So before the tour of West Indies, there were hardly any expectations from the Indian team. But Indian players had thrown an unexpected challenge to the West Indies team. In a five-match series, India have won the tournament by a 1-0 margin.

West Indies team of 1971 was not the best side. But Indians were poorer than them. Last time when India toured the Caribbean in 1962 they were bundled out by the formidable West Indies. In a five-match series, the visitor lost the series 5-0.

So, this time, India flew to the Caribbean with no hope. The team was led by underrated Ajit Wadeker. In that squad, India had debutant players like Sunil Gavaskar and another was Gundappa Vishwanath.

The bowling attack was strongly reliant on the spin trio- S Venkataraghavan, Bishan Singh Bedi, and Erapalli Prasanna. It was promising line up but no match for the West Indies line-up featuring batsmen like Rohan Kanhai, Clive Lloyd, Gary Sobers. So, nobody wanted to give Wadaker’s men a chance.

In the first Test at Kingston Indian were down to 75 for 5. It was a similar script. Young 20-year-old Gavaskar missed the first Test due to a finger injury. Sunil Gavaskar in his autobiography Sunny Days wrote that the knives were out- one of the commentators on radio rated the Indian team as “club side ”.

But the Indian team, unlike before refused to fold up. Goa batsman Dilip Sardesai put up a great fight. Eknath Solkar showed his gut and stitch a partnership of 137 for the sixth wicket with batsman Sardesai. Solkar was uprooted by all-rounder Gary Sobers for 61.

The fall of Solkar wicket’s exposed the venerable lower middle order vice-captain Srinivas Venkatraghavan and wicketkeeper debutant Pochiah Krishnamurthy were erased soon. But spinner Erapalli Prasanna gave good support to Sardesai and added 122 runs for the ninth wicket. Prasanna scored an important 25, Sardesai scored 212 and plundered 387 –a total which once seemed unlikely.
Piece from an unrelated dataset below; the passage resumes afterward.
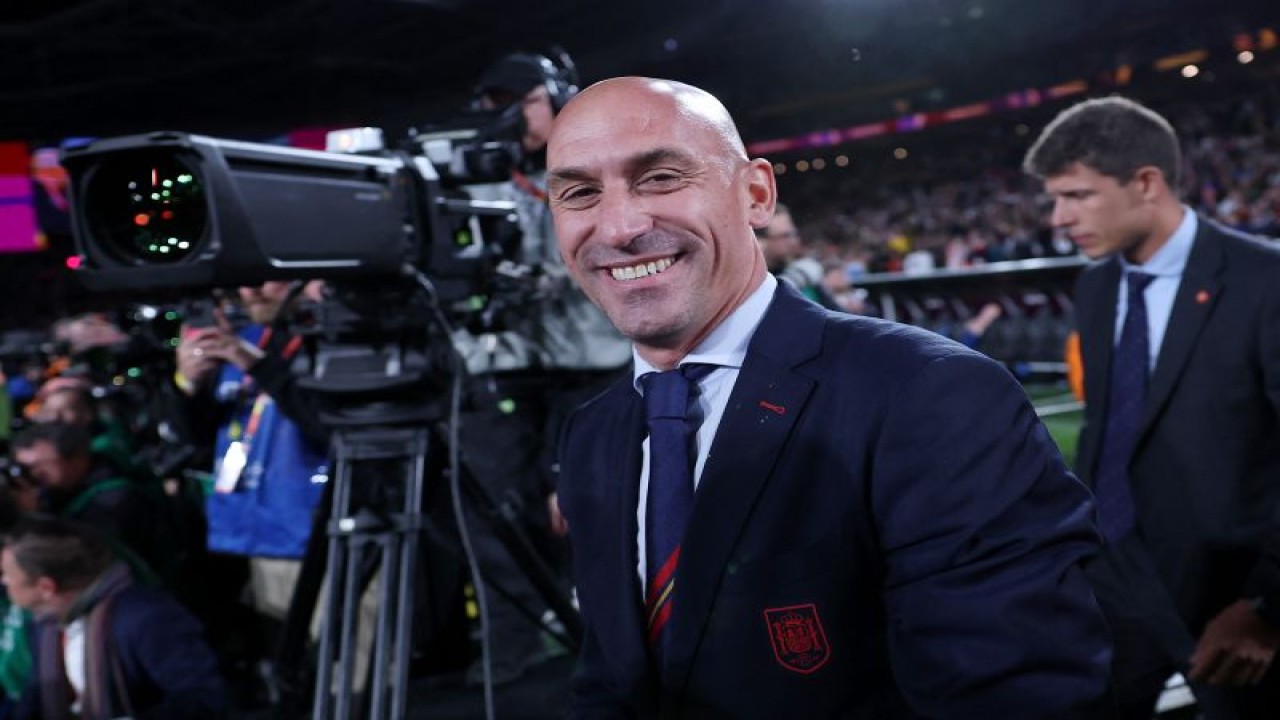 Presiden RFEF Luis Rubiales saat difoto di akhir babak final Piala Dunia Sepak Bola Putri di Sydney, Australia, 20 Agustus 2023. (ANTARA/AFP/FRANCK FIFE)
Wise Wadekar’s captaincy with the help of shrewd ML Jaishima Indian bowlers reduced the West Indies for just 150. Wadekar imposes follow-on that shocked West Indies captain Sobers. He didn’t realize that Indian captain could enforce the follow in. “ Wadekar was also very lucky to have the shrewd brains of ML Jaisimha on that team. Wadekar was miserly, the typical ‘Bombay khadoos’ type of captain. He had some very good bowlers in the team and he used them well on that tour,” former cricketer and a noted cricket writer Venkatraman Ramnarayan said.

The tide of the first match waved in the Port of Spain Test. Indian spinners Bedi, Prasanna and Ventakaraghavan bamboozled the West Indies batsmen as they shared eight wickets among themselves. West Indies all out for 214. Debutant Sunil Gavaskar scored 65, but it was once again the master craft of Sardesai and Solkar. Sardesai scored another hundred (112) and Solkar notched up his fifty (55) that helped India to score 352 and took a lead of 132.

In the second innings, West Indies did slide better than their first innings total. They scored 261. With India needed to score 125 Gavaskar led India to chase the total with a 67 run not out innings. India took a 1-0 lead in the series. It was a psychological victory for the visitor indeed.

An inspiring legend was born from the second Test. The third and fourth Test were drawn. In Guayana and Barbados, the festival of hundred flooded. The young Sunil Gavaskar made himself as the tormentor of the West Indies bowler. He scored hundred in two back to back Test matches. In Guyana, he scored 116 and in Barbados, he scored unbeaten 117. Dilip Sardesai in Barbados scored outstanding 150 when Gary Sober scored hundred in both innings, as a result, no winner emerged from this two Tests.

The fifth and final Test played again in Port of Spain. India still were leading the series 1-0, which was very rare to West Indies, who had found themselves leading series with a big margin in most of the occasions, but in this case, their pride dented, so it was expected the West Indies team would back in this match to salvage their pride.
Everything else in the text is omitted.